August 2011, we were riding back north on the BRP.
I got tired of the smell of my 50000 km boots, Mostly because I was with someone I didn't want to annoy further.
Without any decent cleaner, I went to the only convenience store opened nearby, in front royal.

The only thing available was some pinesol...

I didn't intend to carry the bottle back, so I used it all, half in each boot.
Well, as you may or may not know, pinesol is not exactly hand soap. It is very concentrated and frees amoniac vapor
that stunk up the hotel room all night. Oh, the boots were clean and disinfected all right!

But the story doesn't end here. After rinsing about 20 times each boot (and there was still bubble and vapors coming out after that), I go to sleep, boot hanging upside down in the tub, knowing this will not dry overnight.
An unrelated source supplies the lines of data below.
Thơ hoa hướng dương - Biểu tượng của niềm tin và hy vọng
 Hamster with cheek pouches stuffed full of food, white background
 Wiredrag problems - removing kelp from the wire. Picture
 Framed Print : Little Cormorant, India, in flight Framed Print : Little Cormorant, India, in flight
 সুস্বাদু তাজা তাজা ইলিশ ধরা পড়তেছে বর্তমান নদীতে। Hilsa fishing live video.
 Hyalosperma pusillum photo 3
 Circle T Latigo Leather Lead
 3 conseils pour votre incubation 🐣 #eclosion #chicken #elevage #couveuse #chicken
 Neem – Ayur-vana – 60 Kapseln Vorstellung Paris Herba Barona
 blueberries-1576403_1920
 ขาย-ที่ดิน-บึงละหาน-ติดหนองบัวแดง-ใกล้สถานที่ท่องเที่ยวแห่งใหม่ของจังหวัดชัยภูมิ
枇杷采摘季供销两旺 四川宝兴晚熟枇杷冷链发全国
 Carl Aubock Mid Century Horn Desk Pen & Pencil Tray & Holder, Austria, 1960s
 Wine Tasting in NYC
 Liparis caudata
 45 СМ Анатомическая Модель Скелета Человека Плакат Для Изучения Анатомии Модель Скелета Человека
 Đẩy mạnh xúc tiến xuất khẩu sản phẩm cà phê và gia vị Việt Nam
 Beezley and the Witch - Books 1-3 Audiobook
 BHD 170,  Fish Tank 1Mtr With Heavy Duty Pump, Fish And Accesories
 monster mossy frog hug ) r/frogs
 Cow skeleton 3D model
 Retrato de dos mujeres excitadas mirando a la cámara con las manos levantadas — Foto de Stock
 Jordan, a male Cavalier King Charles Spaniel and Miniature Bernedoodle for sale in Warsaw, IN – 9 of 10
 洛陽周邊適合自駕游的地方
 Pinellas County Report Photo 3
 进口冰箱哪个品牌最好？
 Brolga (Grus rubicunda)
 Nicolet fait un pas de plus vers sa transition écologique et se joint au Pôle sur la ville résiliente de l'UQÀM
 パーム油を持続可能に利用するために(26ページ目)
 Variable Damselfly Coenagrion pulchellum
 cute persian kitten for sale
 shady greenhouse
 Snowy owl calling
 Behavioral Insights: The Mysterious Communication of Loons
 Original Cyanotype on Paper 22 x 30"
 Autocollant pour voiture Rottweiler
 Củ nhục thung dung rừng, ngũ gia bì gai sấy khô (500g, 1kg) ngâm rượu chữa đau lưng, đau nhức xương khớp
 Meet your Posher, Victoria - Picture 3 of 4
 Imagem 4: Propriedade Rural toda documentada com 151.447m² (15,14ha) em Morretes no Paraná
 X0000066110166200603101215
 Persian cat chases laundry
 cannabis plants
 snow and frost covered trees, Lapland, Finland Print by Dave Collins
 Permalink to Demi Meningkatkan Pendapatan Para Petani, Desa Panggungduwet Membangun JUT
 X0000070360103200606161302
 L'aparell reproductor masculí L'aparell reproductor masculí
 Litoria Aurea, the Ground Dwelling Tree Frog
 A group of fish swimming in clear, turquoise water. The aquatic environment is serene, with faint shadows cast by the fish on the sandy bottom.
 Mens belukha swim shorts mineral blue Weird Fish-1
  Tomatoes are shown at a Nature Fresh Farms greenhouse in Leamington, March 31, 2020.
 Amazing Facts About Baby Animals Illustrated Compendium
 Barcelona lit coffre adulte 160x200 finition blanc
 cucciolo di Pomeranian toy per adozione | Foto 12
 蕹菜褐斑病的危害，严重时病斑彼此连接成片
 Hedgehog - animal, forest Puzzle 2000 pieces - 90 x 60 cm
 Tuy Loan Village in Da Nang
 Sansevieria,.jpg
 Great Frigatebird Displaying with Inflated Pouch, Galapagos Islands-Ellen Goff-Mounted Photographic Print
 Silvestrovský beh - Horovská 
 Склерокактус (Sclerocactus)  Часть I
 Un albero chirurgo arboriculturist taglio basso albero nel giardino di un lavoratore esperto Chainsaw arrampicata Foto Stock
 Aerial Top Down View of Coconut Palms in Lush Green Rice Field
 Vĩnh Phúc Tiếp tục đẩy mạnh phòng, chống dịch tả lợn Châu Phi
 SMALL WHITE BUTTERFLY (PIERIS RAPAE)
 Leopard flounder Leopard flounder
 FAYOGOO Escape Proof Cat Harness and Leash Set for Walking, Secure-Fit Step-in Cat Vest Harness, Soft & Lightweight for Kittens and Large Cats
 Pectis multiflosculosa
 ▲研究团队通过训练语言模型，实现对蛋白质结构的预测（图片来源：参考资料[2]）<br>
Next morning, I used plastic bags to keep my socks dry (before sweating in it of course). We stopped in a wallmart to buy some DrSholl to absorb humidity and hopefully the amoniac odors. Being equal to myself, I generously abused on the amount of power to put in, I shook the boots to spread the power uniformly inside and dropped the excess and put back my plastic bags over my socks. We'll see this evening how it goes.

Well, DrSholl power did gather humidity, most of it. As my pull my feet out, the bags were in a crumbing cast of what turned in a nice drywall plaster paste...

I scratched and broke and pulled most of it by hand out of the boots. The next day, it got pretty dry.

As of today, if I put these boot to fast and stomp into them, a nice puff of dr sholl blows in my face as I bend over, but I can tell you they don't smell, and probably wont for the rest of their useful life!